Data items
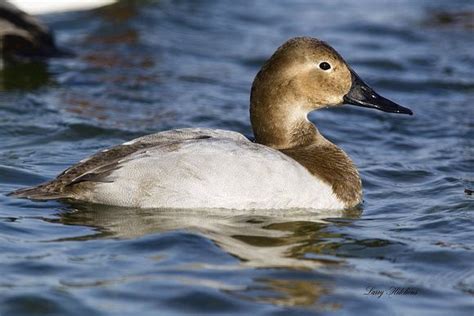 Hitchens Photography Canvasback Canvasback Hen With Images Duck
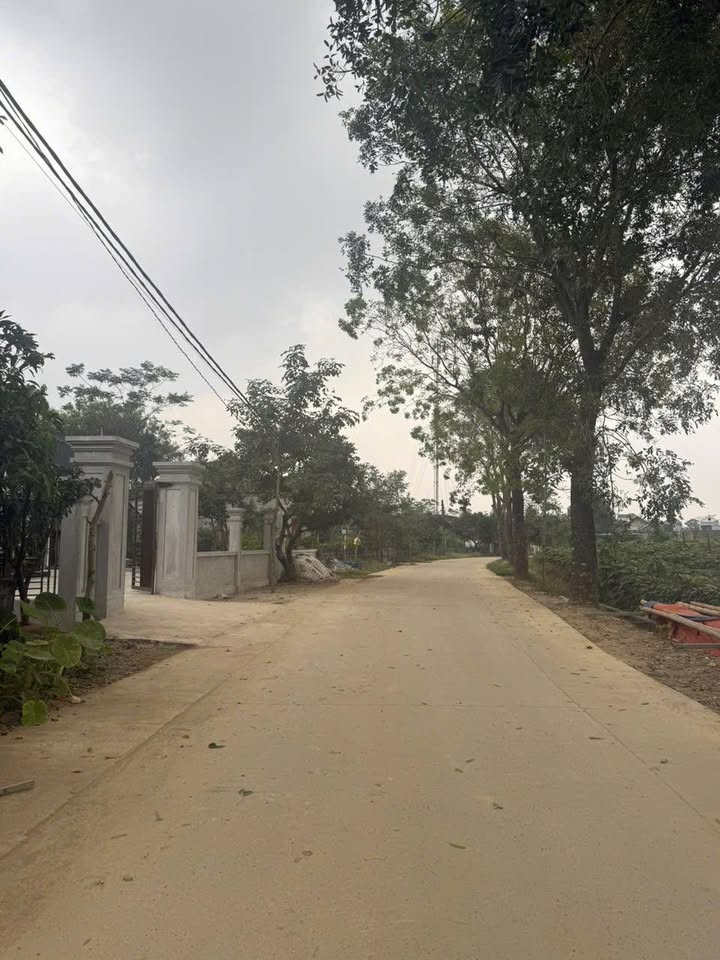 Đất thổ cư 330m² tại Yên Sơn, Tam Điệp - Giá chỉ 1.6 tỷ!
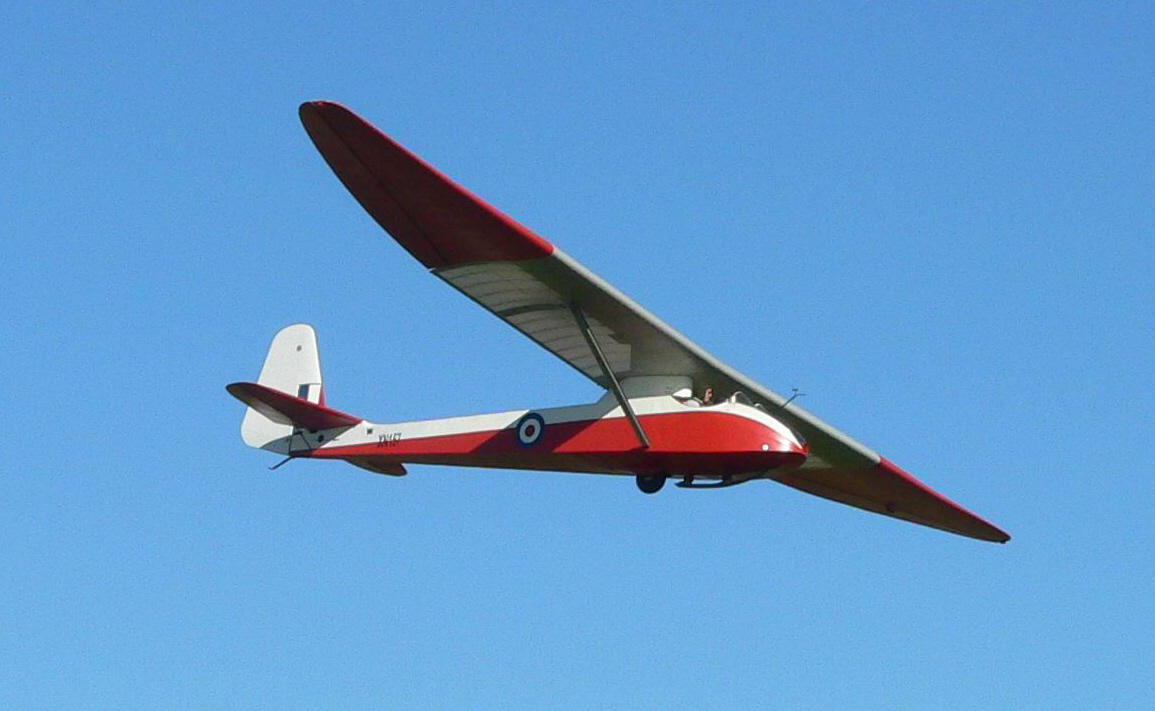 T21
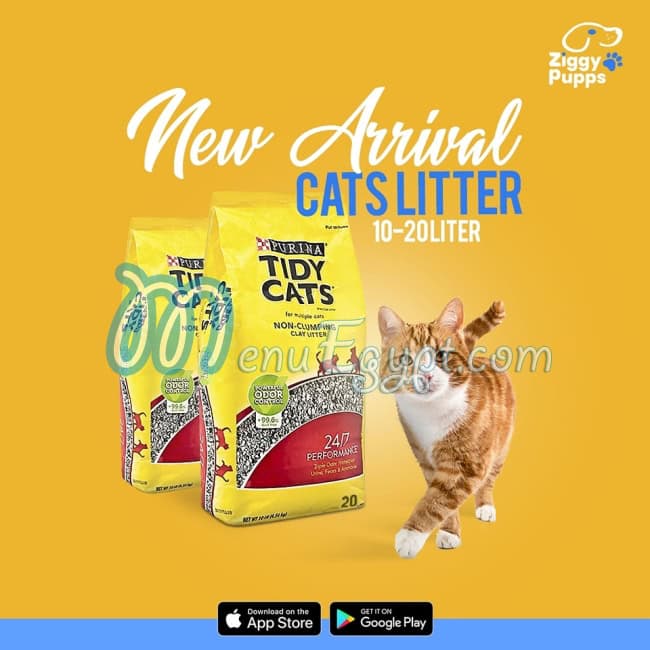 أسعار زيجي بابس مصر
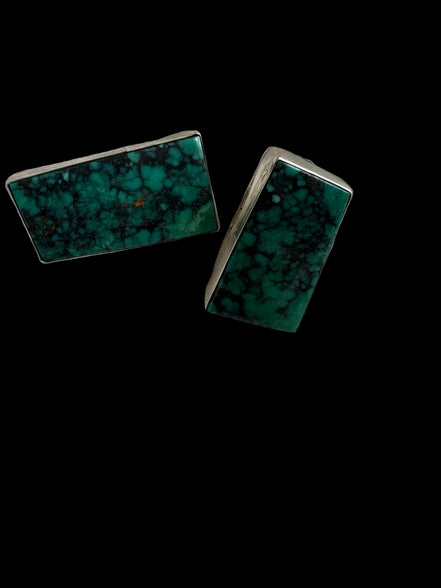 Teal Spiderweb Turquoise Earrings by Tommy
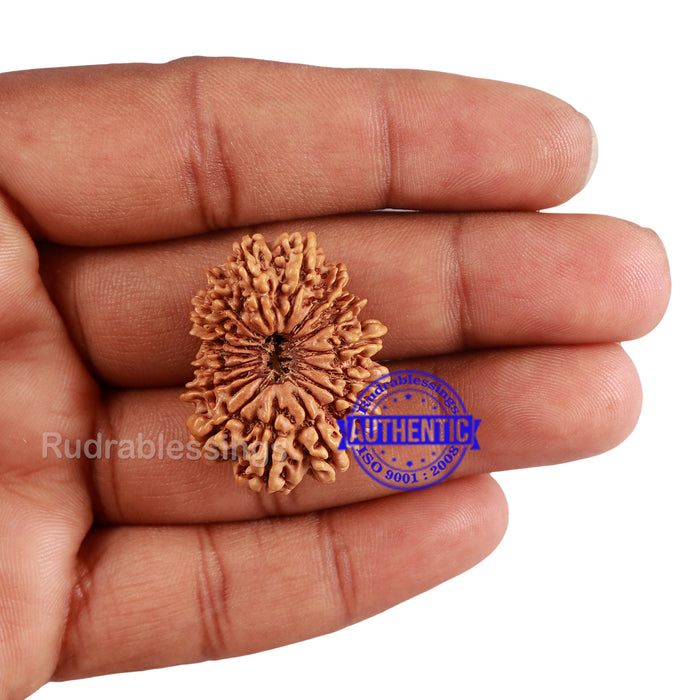 16 Mukhi Rudraksha from Nepal - Bead No. 80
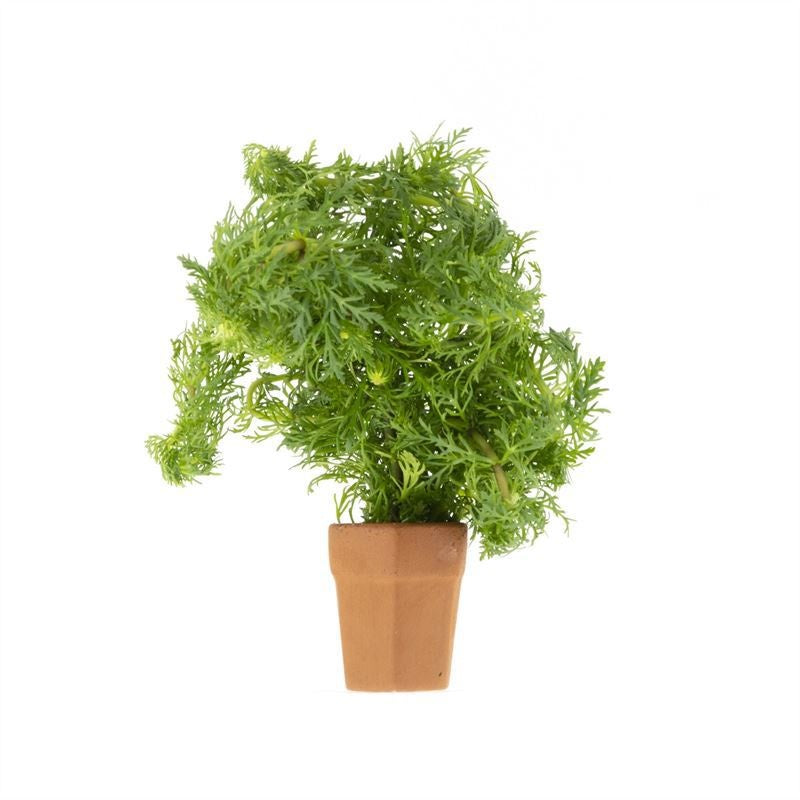Waterplkw R. Moerings Limnophila aromatica Pack of 10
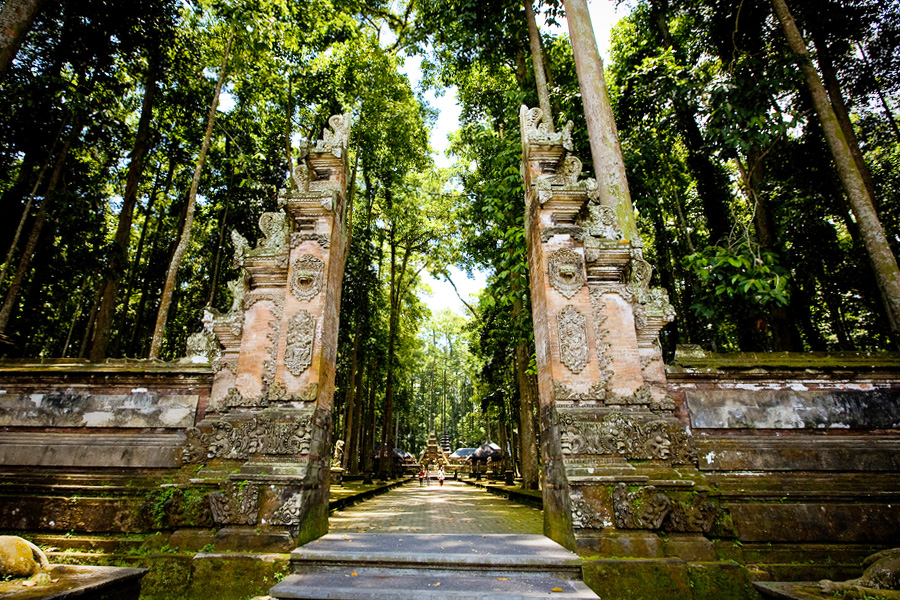 ubud monkey forest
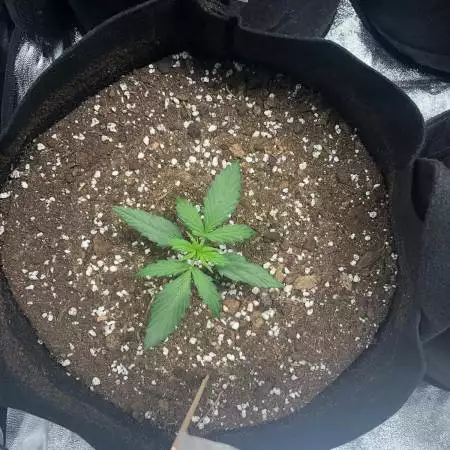 Purple Punch! HLG 260 - Barney's Farm
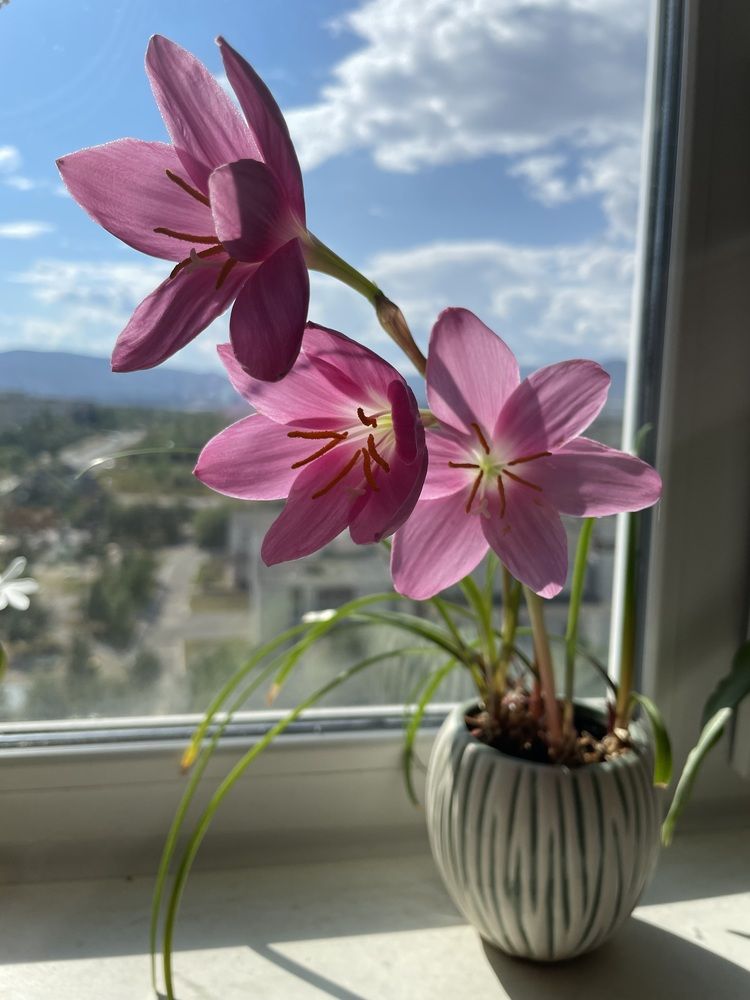 Photograph by Марина Максимова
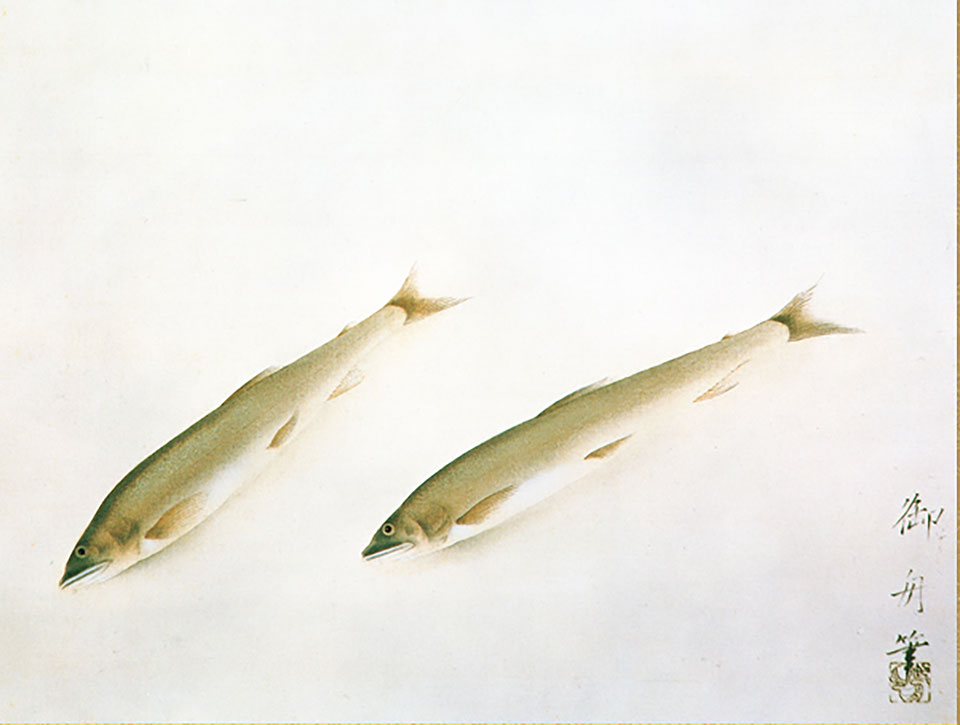 名画複製画掛け軸 鮎 速水御舟 – 寿鳳人形の東芸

Exercise requirements –
Please set down only the lines from the one containing "Purple Punch! HLG 260 - Barney's Farm" through the end of the entries, exactly as they stand, both ends included and with no pictures.

Finished exercise –
 Purple Punch! HLG 260 - Barney's Farm
 Photograph by Марина Максимова
 名画複製画掛け軸 鮎 速水御舟 – 寿鳳人形の東芸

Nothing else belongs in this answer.